So he may not replicate Allan McGregor’s off-field scoring credentials but his value to Rio Ave’s side hasn’t gone unnoticed by their supporters: “When he arrived at the club he wasn’t too popular nor was his work greatly appreciated. He was regarded as a footballer who had no impact on our game. But the manager at that time (Carlos Brito, a legend with us) said his critics were wrong, that Tarantini was the man who made all the invisible work on the pitch and his contribution was huge.”
“Brito was right. Sometimes it appears Tara is not always involved in the game, but it’s when he’s not playing that everybody realises just how important he is. He is one of the most influential, if not the most influential players. He never has a bad game and scores a few goals. Ageing has made him a better player, his ability to read the game is impressive. Over the last six seasons, our blog has awarded a “player of the season” prize for our best footballers. Tarantini is the only player to have won the prize twice in consecutive years. This season he was third though.”
Gil, clearly a big fan of Tara, is dumbfounded as to why no big clubs have swooped in to prise the club captain away from Portugal: “One question I asked myself several times during his seven years with Rio Ave: why haven’t stronger teams tried to sign him? He’s more than capable of coping with pressure and has all the right qualities. One thing he might not have: a good agent… I’m sure he’d love to play for Rangers.”

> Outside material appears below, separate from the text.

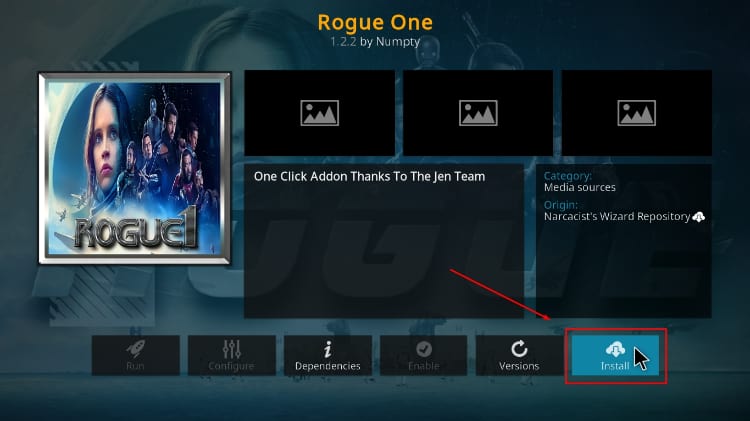 Rogue one install option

He may love to play for Rangers but I suggested that our budget may not be able to entice a player looking to see out his playing days with one last payday. However, when I mentioned that he would be looking at wages of somewhere around £5-10k a week, Gil seemed confident that amount would satisfy the midfielder: “I am convinced that if he was offered £10,000 per week Tarantini would sign immediately since Rio Ave’s highest earner makes around £20,000 per month.”
If Warburton is keen and it was not a transfer target for Cathro, it seems that there would be no financial obstacle in the way nor any lack of ambition form the player. Though, as a club they are united in wanting their leader to stay for at least another year or even beyond that in some other capacity.
“The President of Rio Ave told us he would do everything he could to keep the player at the club. Am I keen for him to stay? If it depended on us, Tarantini would stay forever whether that was now as a footballer or later on as a member of the staff and\or board of Directors. The guy is a gem!”
So a glowing report on our reported target Tarantino. If he is signed, hopefully he will bring a much needed authority to the midfield as not only would he compliment Murdoch playing alongside him in the double-pivot, he would give Law or whoever is playing in a more advanced role the license to roam.